Renée Zellweger spoke candidly about her split from ex-husband Kenny Chesney in a new interview with The Advocate published on Thursday, September 8. Four months after Zellweger married the country star in May 2005, she filed for an annulment, citing “fraud” as the reason for their split. The move resulted in speculation that Chesney was gay.
When ask by The Advocate about the rumors, The Bridget Jones’s Baby actress, 47, admitted they made her upset.
“I forgot about that. It’s a pretty big thing to forget, isn’t it? That made me sad,” she told the outlet. “It made me sad that somehow people were using that as a way to be cruel and calling someone gay as a pejorative, which has fateful consequences. Of course, there’s the bigger-picture problem of why anyone had to make up a story at all.”
After filing for the annulment in September 2005, Zellweger issued a statement clarifying that the term “fraud” was “simply legal language and not a reflection of Kenny’s character.”
“I’d said all I needed to say on that subject,” she told The Advocate when asked if she felt she needed to defend Chesney at the time. “I’m an old-fashioned gal who doesn’t feel it’s appropriate to hang out your laundry on the lawn. I feel you devalue yourself as a human being when you share very personal things with a bajillion strangers who are making fun of you. I just don’t see that there’s any dignity in that. But sometimes it is difficult to just let something be what it is, especially when it’s unnecessary ugliness. Once you’ve said your piece, shouldn’t that be enough? And why is the ugliness that’s perpetuated in the media so attractive to people?”

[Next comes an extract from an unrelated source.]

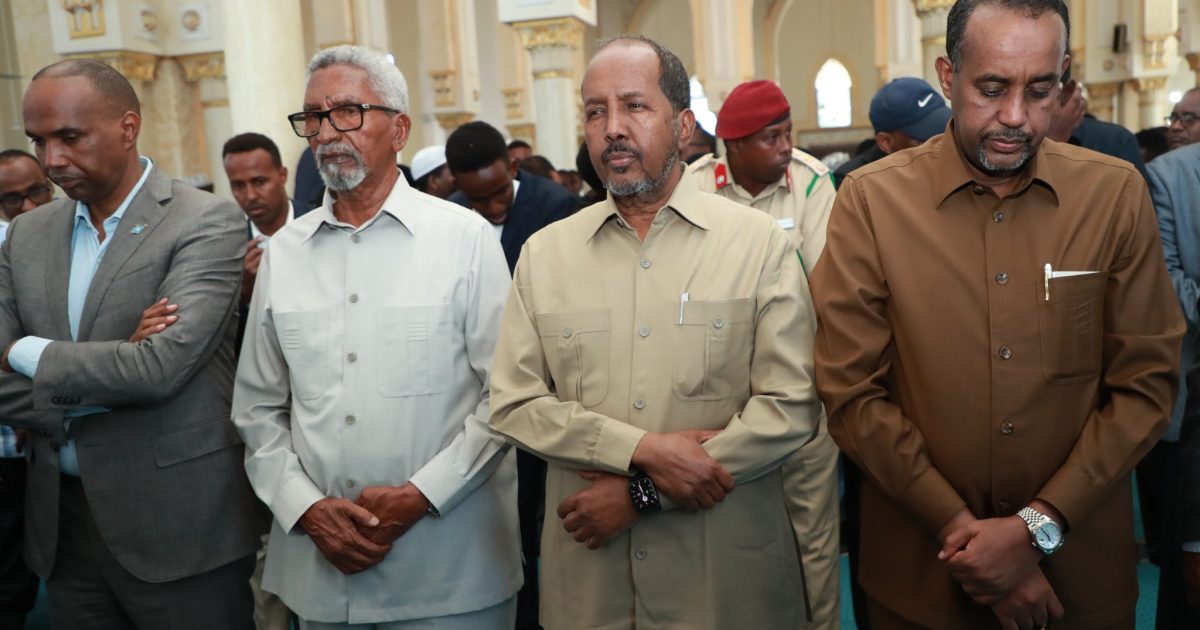Madaxweyne Xasan Sheekh oo ka Qeyb Galay Salaadda Janaasada Marxuum Cabdullaahi Maxamed Shirwac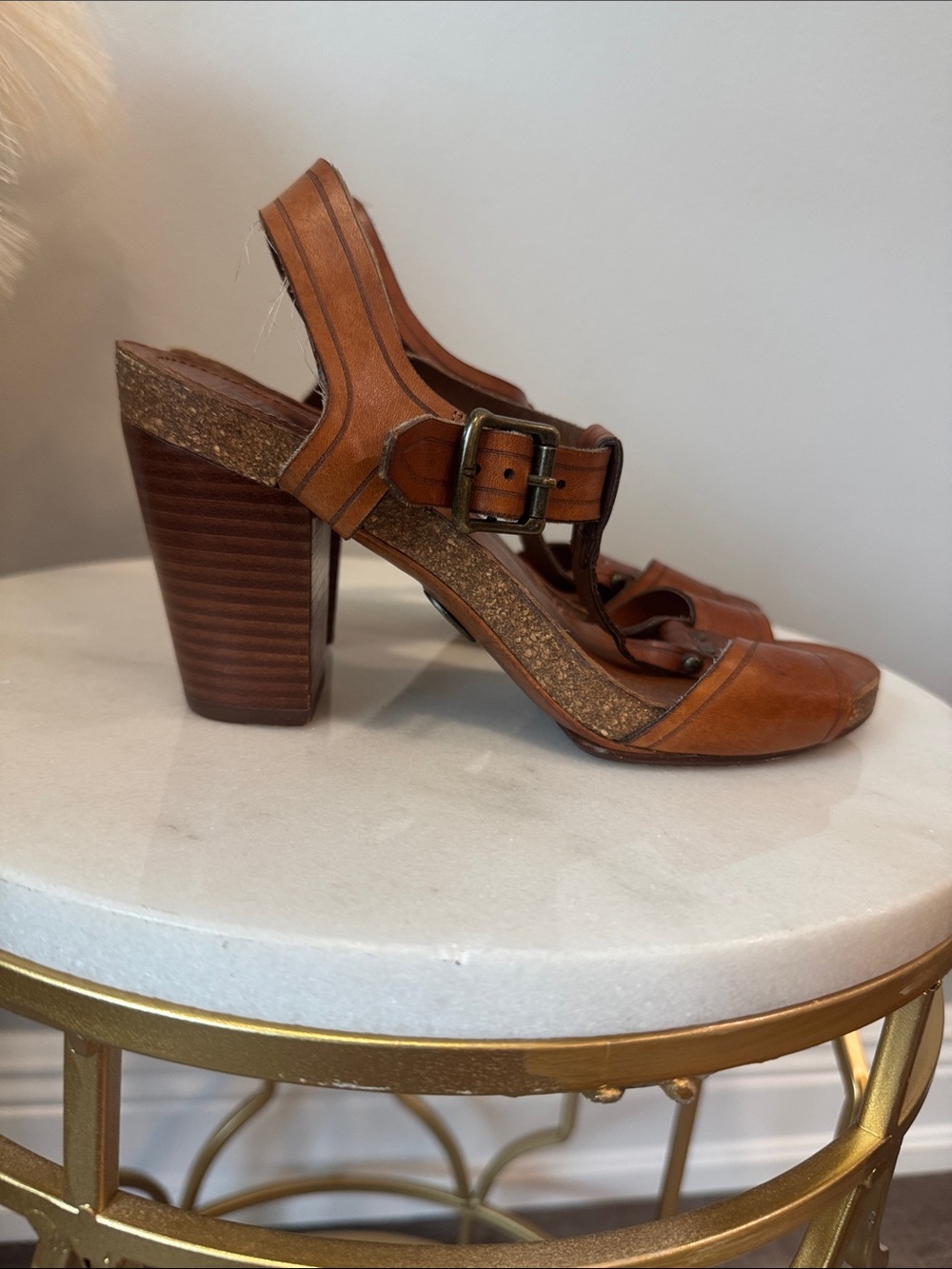 Frye Cognac Leather T-Strap Block Heel Sandals - Picture 6 of 11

At the time, the exes had also issued a joint statement, attributing their split to a “miscommunication of the objective of their marriage.”
Chesney, 48, has also since defended himself.
“It’s not true. Period. Maybe I should have come out and said, ‘No, I’m not [gay],’ but I didn’t want to draw any more attention to it,” the musician told Anderson Cooper during an interview on 60 Minutes in February 2007. “I didn’t have to prove to anybody that I wasn’t [gay]. I didn’t feel like I really did.”